At the three points A, B and C, which are situated approximately 30 m, 60 m and 80 m in front of the vehicle having the lamp according to the invention, the eyes of the oncoming drivers or riders travel through the light beam from the lamp according to the invention in succession on the respective distances being reached, and at each point experience a brief flash of light that, due to the short time of exposure and the low intensity (less than 2,000 cd), does not produce any glare or dazzle effect and thus does not have any adverse effect on safety on the road.

The intensity of this light beam can be set by way of the width of the opening and the distance of the lighted strips in front of the vehicle can be set via the position of the opening relative to the low-beam filament.

A very wide opening (>1.5 mm) produces unsharp lighted strips that merge into one another, while a very narrow opening produces lighted strips that are sharply separated from one another but whose visibility to oncoming traffic is appreciably reduced due to the low intensity of the light.

The second preferred embodiment of the invention that is shown in a schematic view from the side in FIG. 3 is a twin-filament halogen incandescent lamp. Except for the opening in the shielding cap and a blue filtering coating, the lamp is similar in construction to the lamp shown in FIG. 1. The blue filtering coating 7 is arranged on the outside of the lamp envelope 1. The opening 6 is so arranged that that part of the light beam that enters the road space above the light/dark cutoff line and in so doing passes through the color filter 7, is directed onto the region of the above-head traffic sign and road sign position.

The opening 6, or rather its longitudinal axis, extends in the shielding cap 4 approximately parallel to the longitudinal axis of the incandescent filament 2 (shown in FIG. 3 as a dotted and dashed line). Relative to its longitudinal axis, the opening 6 is approximately 2.3 mm long and approximately 2 mm wide. When operating on low beam, the opening 6 produces, in the headlamp beam from the lamp, the pattern of distribution of light shown in FIG. 4. In the glare region, i.e. above the light/dark cutoff line and above the eye-line F (shown in FIG. 4 as a dotted and dashed line), the road space is lit with blue filtered light over the angular sector from approximately 12° to 138°. It is in this region of the traffic that overhead traffic signs and road signs are typically situated. The light transmission of the blue filtering coating 7 is approximately 5% in this case.

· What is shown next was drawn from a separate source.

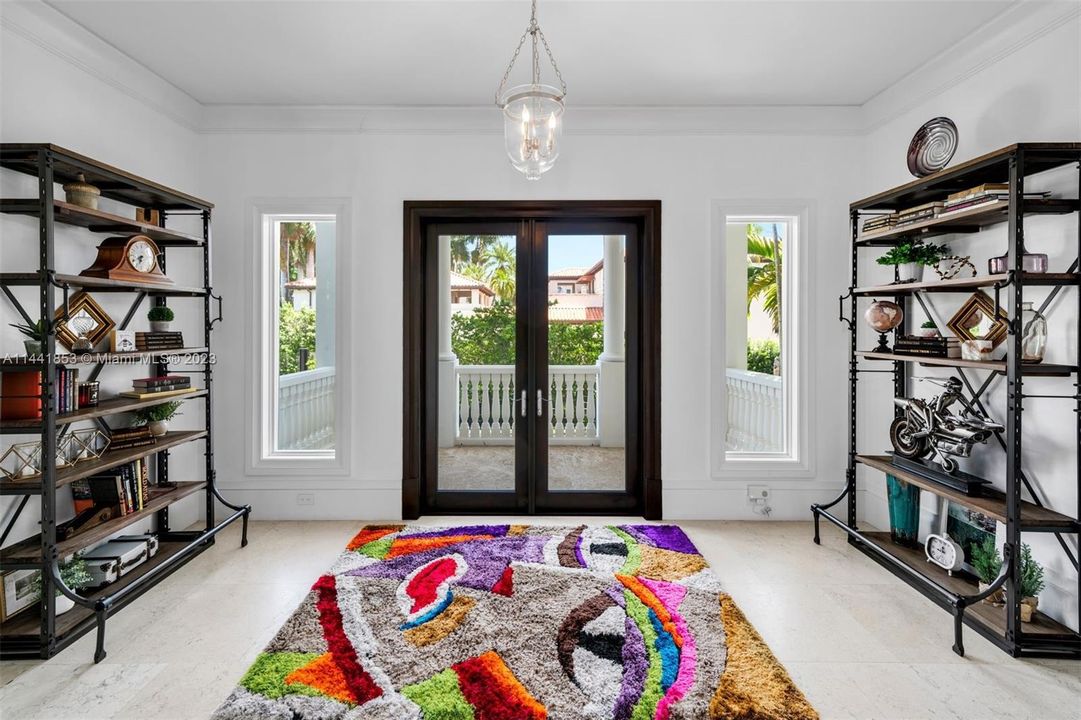 Недавно продано: $20,500,000 (6 спален, 8 ванн, 13930 Квадратных фут)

FIG. 4 is a schematic view of the pattern of light distribution from a twin-filament halogen incandescent lamp as shown in FIG. 3 when operating on low beam. What is shown is a schematic view of the road space.

In the glare region G, i.e. the region that is shown as a triangular area above the light/dark cutoff line E (shown as a dashed line in FIG. 4) and above the eye-line F (shown as a dotted and dashed line in FIG. 4), the road space is lit with blue filtered light over the angular sector extending from approximately 12° to 138° (which is shown only schematically and not exactly in FIG. 4).

This makes it possible for objects that are situated in what is termed the above-head region, i.e. are at least approximately 1.8 m above the level of the roadway, to be more satisfactorily illuminated. This is achieved without the oncoming traffic being dazzled. Illumination with blue light is generally preferred in this case because this significantly increases the visibility to the driver of objects in the above-head region.